Uncertainty preceding elections can cause increased market volatility
Despite monetary policy being run by the US Federal Reserve (Fed), decisions made by the new President will affect political and economic stability. For instance, Trump has repeatedly claimed he’ll “most likely” replace Fed Chairwoman Janet Yellen if elected9, though legally the Fed chief can only be removed mid-term for cause and with Congressional approval.
As we witnessed in Australia, it’s difficult for investors and businesses to make decisions when economic policies are being considered during an election. Uncertainty due to the tight race and risk that if Trump wins some of his more disruptive policies may be realised could dampen investment and reduce growth. The Fed may also keep interest rates static until post-election, particularly if economic data remains only moderately positive.
A Trump victory also poses potential short-term volatility in global investment markets
But we also note the resilience of the unprecedented levels of quantitative easing and liquidity (for some assets) during recent major geopolitical events. It’s important to consider that notwithstanding the initial shock of Brexit, markets recovered in remarkable fashion, despite its ramifications having arguably far greater implications than a Trump presidency.

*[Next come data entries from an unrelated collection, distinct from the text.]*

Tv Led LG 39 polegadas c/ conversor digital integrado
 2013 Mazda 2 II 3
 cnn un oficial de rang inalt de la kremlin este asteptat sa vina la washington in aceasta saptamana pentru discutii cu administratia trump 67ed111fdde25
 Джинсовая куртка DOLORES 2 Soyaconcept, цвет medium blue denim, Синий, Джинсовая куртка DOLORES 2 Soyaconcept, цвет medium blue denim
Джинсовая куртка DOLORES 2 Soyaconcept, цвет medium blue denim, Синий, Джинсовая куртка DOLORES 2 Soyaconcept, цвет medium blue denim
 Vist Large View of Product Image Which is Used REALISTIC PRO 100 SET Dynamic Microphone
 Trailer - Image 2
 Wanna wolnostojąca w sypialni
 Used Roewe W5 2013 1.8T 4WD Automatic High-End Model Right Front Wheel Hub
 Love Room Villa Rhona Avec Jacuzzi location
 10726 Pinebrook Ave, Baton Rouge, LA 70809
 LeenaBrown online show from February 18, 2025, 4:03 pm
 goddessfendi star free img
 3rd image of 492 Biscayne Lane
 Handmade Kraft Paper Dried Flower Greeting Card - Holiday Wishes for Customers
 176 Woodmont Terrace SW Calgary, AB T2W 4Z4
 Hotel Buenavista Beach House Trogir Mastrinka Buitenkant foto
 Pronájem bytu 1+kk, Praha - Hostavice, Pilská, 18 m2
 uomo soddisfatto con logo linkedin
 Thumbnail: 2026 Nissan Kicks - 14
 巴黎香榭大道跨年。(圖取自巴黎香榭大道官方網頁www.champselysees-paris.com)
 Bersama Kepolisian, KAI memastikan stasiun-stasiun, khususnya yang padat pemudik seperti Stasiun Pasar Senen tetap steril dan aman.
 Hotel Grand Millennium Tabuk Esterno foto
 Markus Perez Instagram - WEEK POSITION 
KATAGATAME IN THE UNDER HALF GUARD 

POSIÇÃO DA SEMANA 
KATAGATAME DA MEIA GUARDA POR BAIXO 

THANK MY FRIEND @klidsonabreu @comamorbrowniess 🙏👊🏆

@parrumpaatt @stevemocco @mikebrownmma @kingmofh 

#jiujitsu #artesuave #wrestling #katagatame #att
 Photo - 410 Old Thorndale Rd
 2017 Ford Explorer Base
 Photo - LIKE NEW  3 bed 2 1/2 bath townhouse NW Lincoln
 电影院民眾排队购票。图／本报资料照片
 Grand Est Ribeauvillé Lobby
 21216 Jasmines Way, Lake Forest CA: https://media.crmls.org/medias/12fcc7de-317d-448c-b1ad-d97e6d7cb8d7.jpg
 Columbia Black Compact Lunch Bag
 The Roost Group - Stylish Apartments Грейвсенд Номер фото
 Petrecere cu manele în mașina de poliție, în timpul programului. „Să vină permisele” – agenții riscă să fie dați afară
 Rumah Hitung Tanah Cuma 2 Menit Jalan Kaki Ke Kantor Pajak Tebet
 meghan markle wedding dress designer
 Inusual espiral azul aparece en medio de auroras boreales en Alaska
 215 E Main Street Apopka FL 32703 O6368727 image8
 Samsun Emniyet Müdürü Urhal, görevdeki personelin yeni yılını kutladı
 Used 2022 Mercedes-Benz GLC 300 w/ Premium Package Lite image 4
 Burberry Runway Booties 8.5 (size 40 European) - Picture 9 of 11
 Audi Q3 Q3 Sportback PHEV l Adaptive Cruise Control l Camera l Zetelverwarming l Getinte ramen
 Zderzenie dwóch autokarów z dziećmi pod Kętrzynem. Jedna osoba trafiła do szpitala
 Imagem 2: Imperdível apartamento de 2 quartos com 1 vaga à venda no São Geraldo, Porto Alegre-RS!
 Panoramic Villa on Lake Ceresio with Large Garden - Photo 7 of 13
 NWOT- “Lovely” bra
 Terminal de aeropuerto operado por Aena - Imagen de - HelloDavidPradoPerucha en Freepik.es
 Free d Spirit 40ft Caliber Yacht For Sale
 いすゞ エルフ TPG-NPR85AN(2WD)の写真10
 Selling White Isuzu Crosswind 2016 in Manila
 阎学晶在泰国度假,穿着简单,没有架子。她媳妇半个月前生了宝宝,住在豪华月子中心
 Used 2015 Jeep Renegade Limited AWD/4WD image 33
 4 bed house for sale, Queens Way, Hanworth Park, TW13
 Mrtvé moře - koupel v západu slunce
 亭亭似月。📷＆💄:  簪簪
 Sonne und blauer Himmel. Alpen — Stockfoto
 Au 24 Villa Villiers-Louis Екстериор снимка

Any increase in volatility could see a rush to safe haven assets such as the USD and gold
If Trump is elected and implements promised protectionist-based policies, we could see a sell-off of companies with multi-national earnings. Conversely, a Clinton win may see financial stocks suffer due to her calls for increased regulation on big banks and may also impact medical stocks given her stance against big pharmaceuticals. However, given the likely divided make-up of the government, it’s difficult to estimate these consequences with any certainty. For now, we generally recommend maintaining a broadly diversified portfolio of assets spread across a number of different economic regions to help mitigate risk, and focus on the broader economic trends reshaping US and global markets over the longer term.
Any strategies or recommendations are general in nature and do not take into account your objectives, financial situation or needs. As always, your personal circumstances are critical when considering any financial strategy and seeking professional personal advice is highly recommended. Further any forward looking statements are based on current expectations at the time of writing. No assurance can be given that these statements will prove to be correct.